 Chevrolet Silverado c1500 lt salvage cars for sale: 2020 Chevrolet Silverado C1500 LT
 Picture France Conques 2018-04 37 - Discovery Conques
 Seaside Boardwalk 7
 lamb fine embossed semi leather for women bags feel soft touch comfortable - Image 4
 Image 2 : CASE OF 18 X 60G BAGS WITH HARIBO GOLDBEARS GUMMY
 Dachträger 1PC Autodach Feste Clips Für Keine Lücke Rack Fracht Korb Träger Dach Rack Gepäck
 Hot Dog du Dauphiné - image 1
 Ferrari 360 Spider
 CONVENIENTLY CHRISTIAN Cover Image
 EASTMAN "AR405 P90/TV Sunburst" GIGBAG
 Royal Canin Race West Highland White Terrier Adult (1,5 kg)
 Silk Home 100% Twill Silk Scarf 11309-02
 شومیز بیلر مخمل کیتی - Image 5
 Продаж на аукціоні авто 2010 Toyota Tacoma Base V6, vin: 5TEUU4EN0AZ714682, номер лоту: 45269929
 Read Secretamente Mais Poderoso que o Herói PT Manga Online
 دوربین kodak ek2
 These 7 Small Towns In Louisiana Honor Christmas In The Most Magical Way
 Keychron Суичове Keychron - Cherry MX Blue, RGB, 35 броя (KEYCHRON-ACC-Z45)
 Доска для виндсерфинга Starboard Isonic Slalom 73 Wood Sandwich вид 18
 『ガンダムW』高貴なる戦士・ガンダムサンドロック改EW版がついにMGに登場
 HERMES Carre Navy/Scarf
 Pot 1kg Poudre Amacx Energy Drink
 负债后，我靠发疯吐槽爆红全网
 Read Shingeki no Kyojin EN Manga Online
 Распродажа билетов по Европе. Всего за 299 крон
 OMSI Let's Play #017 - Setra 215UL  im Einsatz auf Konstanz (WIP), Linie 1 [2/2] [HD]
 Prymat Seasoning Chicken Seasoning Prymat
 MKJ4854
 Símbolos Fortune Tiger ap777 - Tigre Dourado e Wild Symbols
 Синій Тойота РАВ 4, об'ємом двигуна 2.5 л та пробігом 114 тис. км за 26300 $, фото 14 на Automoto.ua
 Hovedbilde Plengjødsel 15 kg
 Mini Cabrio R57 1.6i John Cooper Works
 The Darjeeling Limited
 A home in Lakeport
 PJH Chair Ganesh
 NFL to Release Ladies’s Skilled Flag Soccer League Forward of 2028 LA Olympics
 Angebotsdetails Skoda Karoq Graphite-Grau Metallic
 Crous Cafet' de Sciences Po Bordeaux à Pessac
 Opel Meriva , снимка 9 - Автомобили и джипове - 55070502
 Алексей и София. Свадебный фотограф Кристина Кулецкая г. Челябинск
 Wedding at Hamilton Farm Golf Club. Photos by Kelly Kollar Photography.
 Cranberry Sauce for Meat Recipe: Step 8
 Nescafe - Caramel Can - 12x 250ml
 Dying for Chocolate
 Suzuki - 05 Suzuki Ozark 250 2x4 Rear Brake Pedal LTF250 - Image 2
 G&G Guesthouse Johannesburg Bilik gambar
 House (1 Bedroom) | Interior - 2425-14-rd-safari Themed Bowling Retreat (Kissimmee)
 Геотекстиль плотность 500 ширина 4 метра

========================================

AIM OF THE EXERCISE.
Print all the material, keeping every line identical to the original.

ANSWER TO THE EXERCISE.
 Chevrolet Silverado c1500 lt salvage cars for sale: 2020 Chevrolet Silverado C1500 LT
 Picture France Conques 2018-04 37 - Discovery Conques
 Seaside Boardwalk 7
 lamb fine embossed semi leather for women bags feel soft touch comfortable - Image 4
 Image 2 : CASE OF 18 X 60G BAGS WITH HARIBO GOLDBEARS GUMMY
 Dachträger 1PC Autodach Feste Clips Für Keine Lücke Rack Fracht Korb Träger Dach Rack Gepäck
 Hot Dog du Dauphiné - image 1
 Ferrari 360 Spider
 CONVENIENTLY CHRISTIAN Cover Image
 EASTMAN "AR405 P90/TV Sunburst" GIGBAG
 Royal Canin Race West Highland White Terrier Adult (1,5 kg)
 Silk Home 100% Twill Silk Scarf 11309-02
 شومیز بیلر مخمل کیتی - Image 5
 Продаж на аукціоні авто 2010 Toyota Tacoma Base V6, vin: 5TEUU4EN0AZ714682, номер лоту: 45269929
 Read Secretamente Mais Poderoso que o Herói PT Manga Online
 دوربین kodak ek2
 These 7 Small Towns In Louisiana Honor Christmas In The Most Magical Way
 Keychron Суичове Keychron - Cherry MX Blue, RGB, 35 броя (KEYCHRON-ACC-Z45)
 Доска для виндсерфинга Starboard Isonic Slalom 73 Wood Sandwich вид 18
 『ガンダムW』高貴なる戦士・ガンダムサンドロック改EW版がついにMGに登場
 HERMES Carre Navy/Scarf
 Pot 1kg Poudre Amacx Energy Drink
 负债后，我靠发疯吐槽爆红全网
 Read Shingeki no Kyojin EN Manga Online
 Распродажа билетов по Европе. Всего за 299 крон
 OMSI Let's Play #017 - Setra 215UL  im Einsatz auf Konstanz (WIP), Linie 1 [2/2] [HD]
 Prymat Seasoning Chicken Seasoning Prymat
 MKJ4854
 Símbolos Fortune Tiger ap777 - Tigre Dourado e Wild Symbols
 Синій Тойота РАВ 4, об'ємом двигуна 2.5 л та пробігом 114 тис. км за 26300 $, фото 14 на Automoto.ua
 Hovedbilde Plengjødsel 15 kg
 Mini Cabrio R57 1.6i John Cooper Works
 The Darjeeling Limited
 A home in Lakeport
 PJH Chair Ganesh
 NFL to Release Ladies’s Skilled Flag Soccer League Forward of 2028 LA Olympics
 Angebotsdetails Skoda Karoq Graphite-Grau Metallic
 Crous Cafet' de Sciences Po Bordeaux à Pessac
 Opel Meriva , снимка 9 - Автомобили и джипове - 55070502
 Алексей и София. Свадебный фотограф Кристина Кулецкая г. Челябинск
 Wedding at Hamilton Farm Golf Club. Photos by Kelly Kollar Photography.
 Cranberry Sauce for Meat Recipe: Step 8
 Nescafe - Caramel Can - 12x 250ml
 Dying for Chocolate
 Suzuki - 05 Suzuki Ozark 250 2x4 Rear Brake Pedal LTF250 - Image 2
 G&G Guesthouse Johannesburg Bilik gambar
 House (1 Bedroom) | Interior - 2425-14-rd-safari Themed Bowling Retreat (Kissimmee)
 Геотекстиль плотность 500 ширина 4 метра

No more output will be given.